The bill would permit the holder of an air operator’s certificate issued in New Zealand for the operation of an aircraft of more than 30 seats or 15,000 kilograms to conduct operations in Australia, without having to obtain an Australian issued air operating certificate; and vice versa, for that matter. It is a matter of great concern to Labor that the Howard government has pursued the mutual recognition of Australian and New Zealand aviation safety certification without first establishing that aviation safety regulations in our countries are in fact equivalent. It is because the government has not done that work that Labor is so firmly opposed to this bill.
The Howard government first attempted to legislate for mutual recognition of air operating certificates through the Civil Aviation Legislation Amendment (Mutual Recognition with New Zealand and Other Matters) Bill 2003, which was introduced into the parliament in June 2003. At the time, the government claimed that mutual recognition was consistent with the open skies air services agreement between Australia and New Zealand, signed in August 2002. The provisions in the current bill comprise the first phase of such mutual recognition.
Labor referred the original legislation to the Senate Rural and Regional Affairs and Transport Legislation Committee for inquiry and report. What the committee established in the course of its inquiry spoke volumes about the Howard government’s mishandling of the move to mutual recognition. First, the committee established that Australian and New Zealand regulators have entirely contradictory views on the impact of mutual recognition. The Civil Aviation Safety Authority of New Zealand gave evidence that mutual recognition would lead to the harmonisation of safety standards; the Department of Transport and Regional Services firmly repudiated that view. This left the committee questioning, not unreasonably, the inconsistency between Australia and New Zealand on this critical issue.
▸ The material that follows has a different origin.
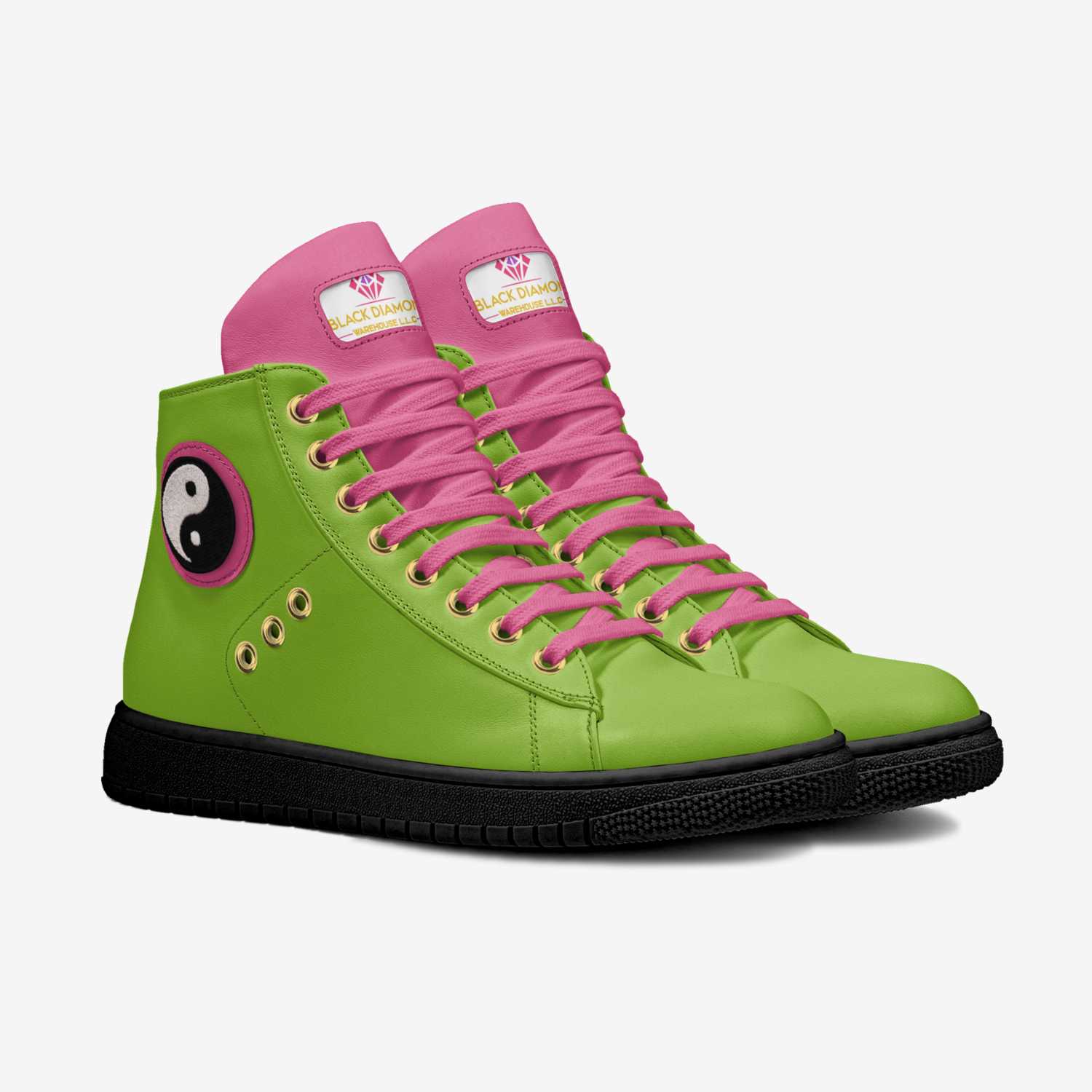 that him custom made in Italy shoes by Antonio Johnson | Double view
Second, the committee established that Australian and New Zealand aviation safety standards are not directly comparable. A number of submissions to the committee highlighted this issue, including the Australian and International Pilots Association submission, which said:
New Zealand’s aviation safety system may well comply with the standards required by ICAO and still offer a lesser standard of aviation safety than Australia’s system.
Mr Guy Maclean made a submissions that stated:
... compliance with ICAO benchmark standards does not comparatively rank the Australian and New Zealand aviation systems against each other. Rather, such audit findings only indicate that both systems meet or exceed a minimum required ICAO standard.
One of the key differences between the Australian and New Zealand aviation safety regimes considered by the committee related to flight attendant to passenger ratios being one to 36 passengers—that is, actual passengers—in Australia and one to 50 seats—that is, the seats available in the aircraft—in New Zealand. A number of submissions made to the committee expressed concern, with respect to safety standards and security, about New Zealand’s lower ratios.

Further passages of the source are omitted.